Immune thrombocytopenia (ITP) is widely understood as a bleeding disorder defined by low platelets.
For the people who live with it, that definition is incomplete. Fatigue, cognitive symptoms, anxiety and the slow erosion of working and family life are often the heavier burdens, and none of them can be read from a blood test. Barbara Lovrencic, president of the Italian ITP patient association AIPIT, explains why care that looks past the count is long overdue

Written by Nicola Miller, RARE Revolution
Interview with Barbara Lovrencic, president, AIPIT (Associazione Italiana Porpora Idiopatica Trombocitopenica APS) and vice-chair, International ITP Alliance
Additional insights from: Mervyn Morgan, CEO, ITP Support Association

Immune thrombocytopenia (ITP) is a rare autoimmune disorder in which the immune system destroys platelets, the cells the body needs to form clots. Diagnosis is one of exclusion, where no single test confirms the disease, and the same low platelet count produces varied outcomes and presentations in different people. One person may feel ‘well’ at platelet counts that would warrant urgent hospital admission and/or excessive bleeding in someone else.

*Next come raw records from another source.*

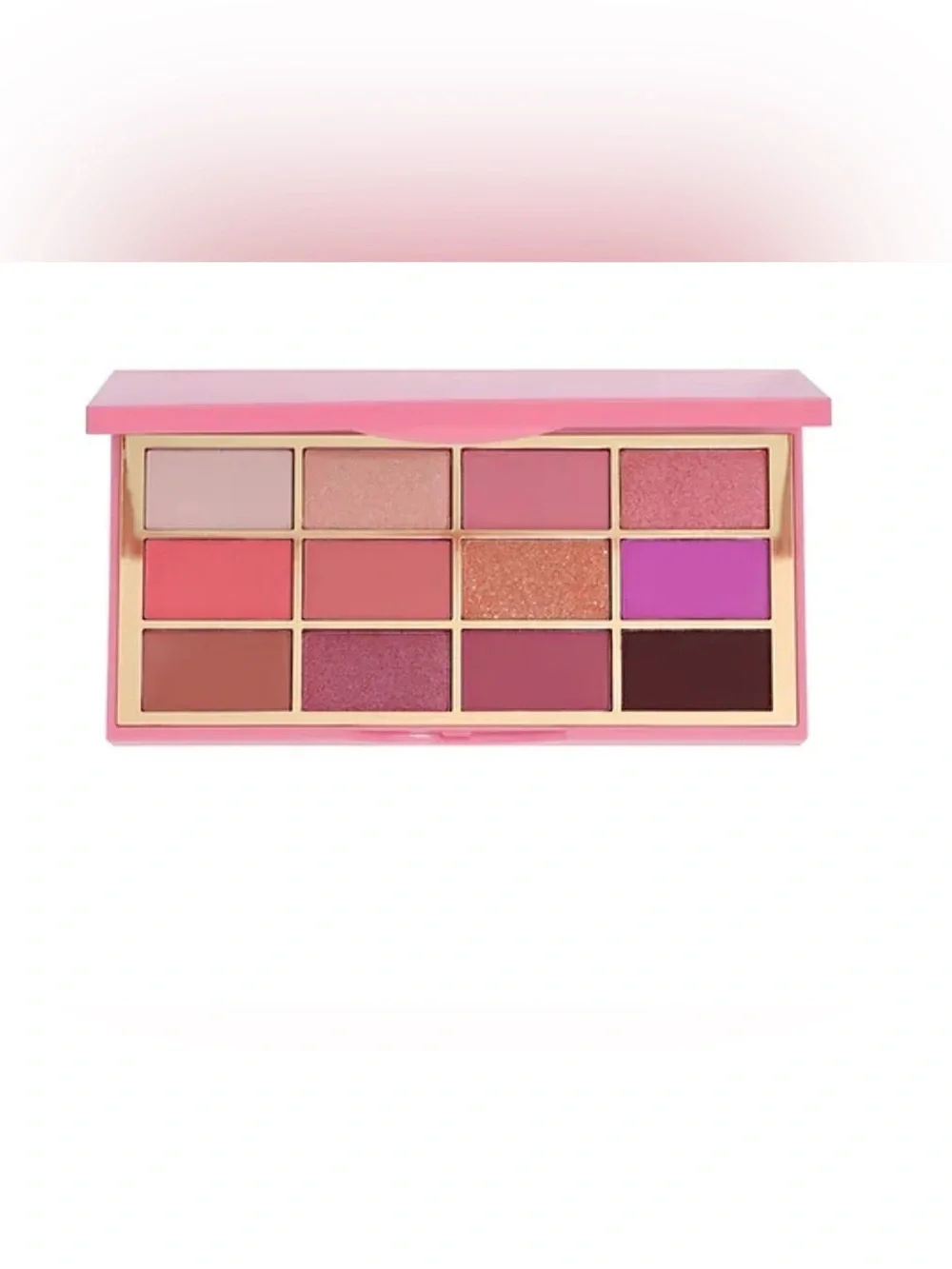 Cheeky Rose Beauty-Electric Rose Eyeshadow Palette
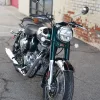 2027 Royal Enfield Classic 350 - Emerald Green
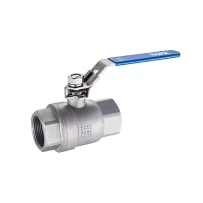 TORK-KV 906 2 Pieces Ball Valve gallery image 1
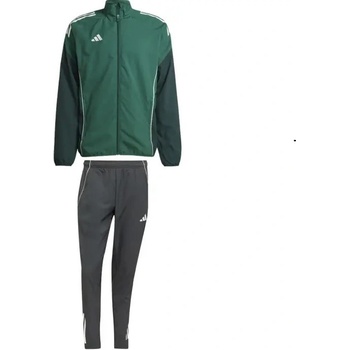 adidas tiro 25 competition zeleno černá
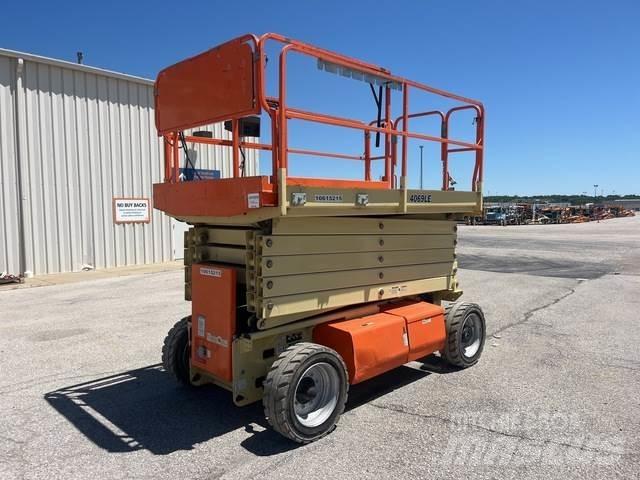 JLG 4069LE Scissor lifts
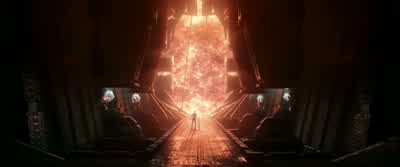Cover it down. - Guardians of the Galaxy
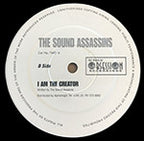 Sound Assassins - Like A Prayer / I Am The Creator - The World Of Obsession Recordings - TWO 06 - 12" - Vinyl - Very Good Plus (VG+)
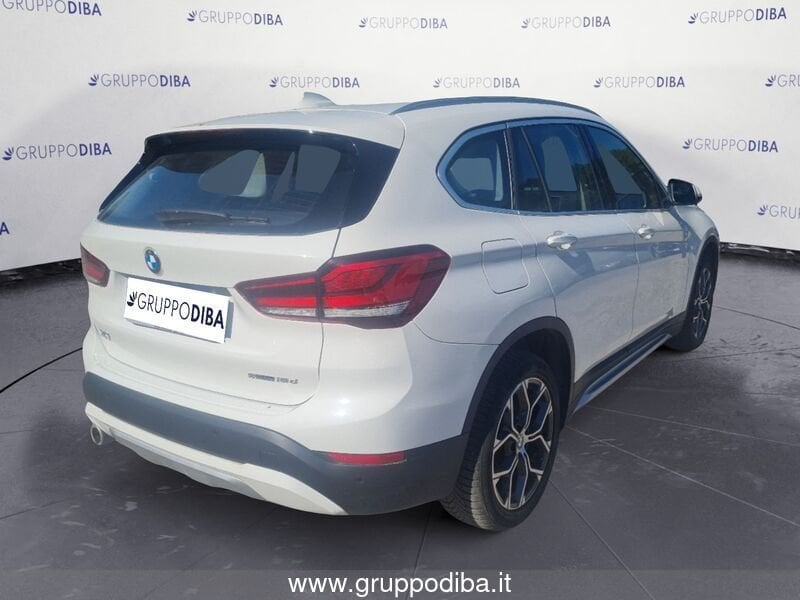 BMW X1 X1 sdrive16d xLine auto- Gruppo Diba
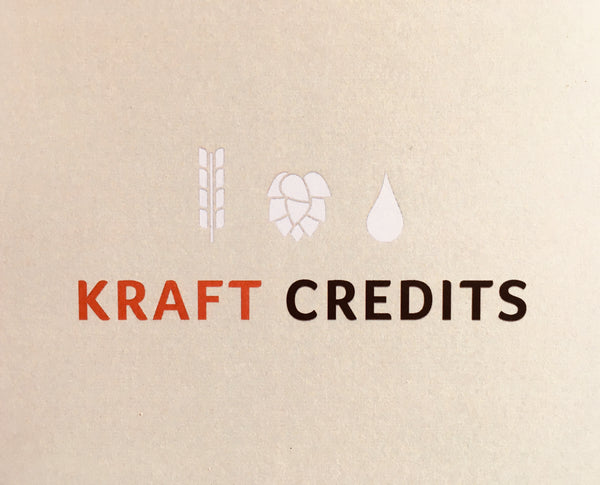 Kraft Credits Gift Card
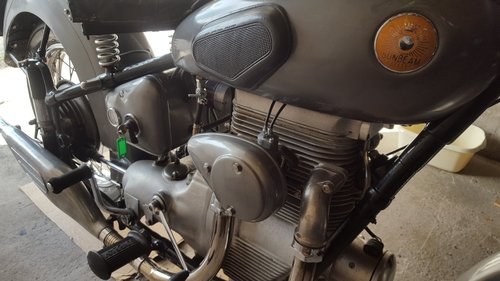 1949 Sunbeam S8 - ready to ride and enjoy For Sale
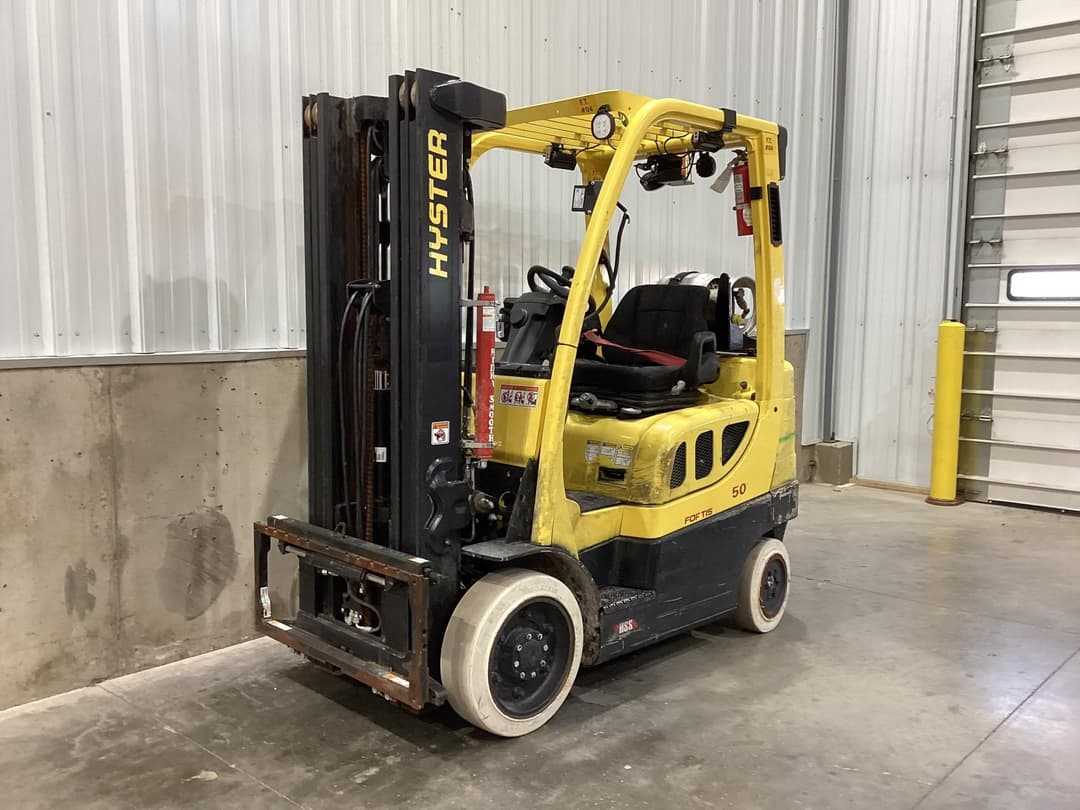 Image of Hyster S50FT Image 1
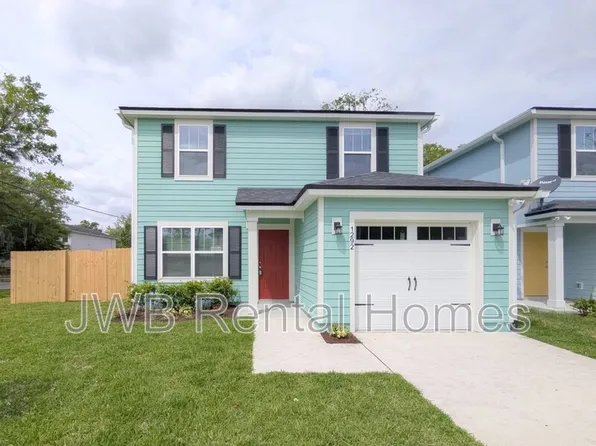 1292 Pangola Dr, Jacksonville, FL 32205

That variability is why ITP needs to be treated as a condition of the whole person rather than a number on a lab report. The disease can occur at any age, but chronic ITP is more common in adults, and the evidence base for quality-of-life burden, including the international ITP World Impact Survey (I-WISh) of 1,507 adult patients and 472 physicians across 13 countries, sits almost entirely in the adult population1. Uncertainty begins at diagnosis. Twenty-two percent of I-WISh patients reported a delayed diagnosis, most often because of waits for additional tests or for specialist referral. Of those, over two-thirds felt anxious about the wait, and more than a third described feeling extremely anxious. Physicians surveyed estimated that up to a quarter of ITP patients are initially misdiagnosed, most often with drug-induced thrombocytopenia, aplastic anaemia or myelodysplastic syndromes1

The invisible burden patients carry every day

Bleeding and bruising are the visible signs of ITP. However, for many patients, there are deeper invisible symptoms too. During a four-month relapse in 2018, when her platelet count stalled at 4,000, Barbara Lovrencic, president, AIPIT (Associazione Italiana Porpora Idiopatica Trombocitopenica APS), explains how she found herself unable to support her son, who has type 1 diabetes. “I would be on our couch, and it was like climbing a hill just to move to the table and eat.” When operating his insulin pump, she recalls, “I couldn’t remember three-digit numbers. I had to go one digit at a time to avoid making an error.” These cognitive symptoms can be as disabling as physical ones, as she expands, “When I have very low platelets, I can’t remember numbers, and it becomes very difficult and exhausting to speak Italian, my second language.”

The I-WISh survey shows how widespread these symptoms are. Fatigue affected over half of adult patients at diagnosis, which was still present at the median of five years later. Of those who reported fatigue at diagnosis, two-thirds rated it severe, and when asked which symptom they most wanted resolved, almost half chose fatigue. Physicians, however, reported hearing about fatigue from only a third of their patients1.

The gap between what patients live with and what reaches the consultation room was one of the clearest findings of the study.

Anxiety follows the same pattern. Two-thirds of patients who reported anxiety about an unstable count rated it severe at diagnosis, falling very little five years on. Many feared their condition would worsen, and reported worries about dying—a figure that did not track with disease severity1. Barbara cites depression among people with ITP, and notes that it also does not automatically improve when the platelet count rises.

The disease also reshapes social and intimate life. In I-WISh, 70 percent of patients reported that ITP affected their social life and 60 percent that it affected their sex life.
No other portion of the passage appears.